(How to complete this task)
Your task is to copy the stretch of lines in the records below that begins with the line containing "Green Fields Portable" and ends with the line containing "Four people standing", exactly as written, with nothing added.

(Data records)
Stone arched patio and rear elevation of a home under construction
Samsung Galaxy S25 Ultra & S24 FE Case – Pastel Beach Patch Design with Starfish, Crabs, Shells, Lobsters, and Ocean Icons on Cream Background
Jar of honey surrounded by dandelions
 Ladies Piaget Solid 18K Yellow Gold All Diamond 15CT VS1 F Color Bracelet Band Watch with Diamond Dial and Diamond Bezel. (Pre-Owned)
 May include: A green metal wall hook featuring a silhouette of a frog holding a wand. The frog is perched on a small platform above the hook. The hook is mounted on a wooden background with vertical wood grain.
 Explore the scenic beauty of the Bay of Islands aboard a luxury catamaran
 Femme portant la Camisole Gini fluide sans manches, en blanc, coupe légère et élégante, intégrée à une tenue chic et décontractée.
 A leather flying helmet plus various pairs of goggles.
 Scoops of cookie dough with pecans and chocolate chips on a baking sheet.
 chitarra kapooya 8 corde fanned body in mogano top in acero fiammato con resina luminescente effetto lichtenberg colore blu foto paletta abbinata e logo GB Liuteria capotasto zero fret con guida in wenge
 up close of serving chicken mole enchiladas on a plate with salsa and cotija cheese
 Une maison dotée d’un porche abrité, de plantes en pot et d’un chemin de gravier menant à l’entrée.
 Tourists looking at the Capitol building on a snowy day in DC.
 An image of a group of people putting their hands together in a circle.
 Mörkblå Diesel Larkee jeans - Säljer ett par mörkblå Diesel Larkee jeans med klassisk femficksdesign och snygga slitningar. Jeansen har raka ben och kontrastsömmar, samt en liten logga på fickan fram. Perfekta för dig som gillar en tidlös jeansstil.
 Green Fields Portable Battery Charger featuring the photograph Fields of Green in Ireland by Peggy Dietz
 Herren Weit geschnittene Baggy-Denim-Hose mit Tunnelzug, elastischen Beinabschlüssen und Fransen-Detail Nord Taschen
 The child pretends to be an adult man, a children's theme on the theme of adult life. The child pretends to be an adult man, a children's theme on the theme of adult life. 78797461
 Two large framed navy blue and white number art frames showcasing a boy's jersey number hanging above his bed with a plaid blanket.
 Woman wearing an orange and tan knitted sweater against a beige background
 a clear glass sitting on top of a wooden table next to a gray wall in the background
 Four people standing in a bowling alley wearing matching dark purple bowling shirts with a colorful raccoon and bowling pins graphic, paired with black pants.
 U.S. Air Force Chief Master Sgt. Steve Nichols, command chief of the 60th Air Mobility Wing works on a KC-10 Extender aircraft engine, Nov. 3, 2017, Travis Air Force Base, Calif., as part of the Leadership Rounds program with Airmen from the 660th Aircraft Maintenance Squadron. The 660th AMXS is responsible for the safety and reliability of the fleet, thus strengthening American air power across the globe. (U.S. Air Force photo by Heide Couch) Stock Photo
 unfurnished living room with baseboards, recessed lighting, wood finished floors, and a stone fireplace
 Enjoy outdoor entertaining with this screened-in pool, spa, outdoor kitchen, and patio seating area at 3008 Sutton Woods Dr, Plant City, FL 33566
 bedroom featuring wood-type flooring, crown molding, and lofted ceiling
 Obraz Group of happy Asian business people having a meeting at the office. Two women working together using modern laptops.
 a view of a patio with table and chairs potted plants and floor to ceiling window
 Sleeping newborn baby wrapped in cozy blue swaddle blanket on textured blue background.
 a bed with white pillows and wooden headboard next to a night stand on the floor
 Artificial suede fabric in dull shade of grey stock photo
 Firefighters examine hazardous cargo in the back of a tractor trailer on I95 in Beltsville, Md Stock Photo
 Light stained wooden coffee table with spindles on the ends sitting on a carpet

(Answer space)
 Green Fields Portable Battery Charger featuring the photograph Fields of Green in Ireland by Peggy Dietz
 Herren Weit geschnittene Baggy-Denim-Hose mit Tunnelzug, elastischen Beinabschlüssen und Fransen-Detail Nord Taschen
 The child pretends to be an adult man, a children's theme on the theme of adult life. The child pretends to be an adult man, a children's theme on the theme of adult life. 78797461
 Two large framed navy blue and white number art frames showcasing a boy's jersey number hanging above his bed with a plaid blanket.
 Woman wearing an orange and tan knitted sweater against a beige background
 a clear glass sitting on top of a wooden table next to a gray wall in the background
 Four people standing in a bowling alley wearing matching dark purple bowling shirts with a colorful raccoon and bowling pins graphic, paired with black pants.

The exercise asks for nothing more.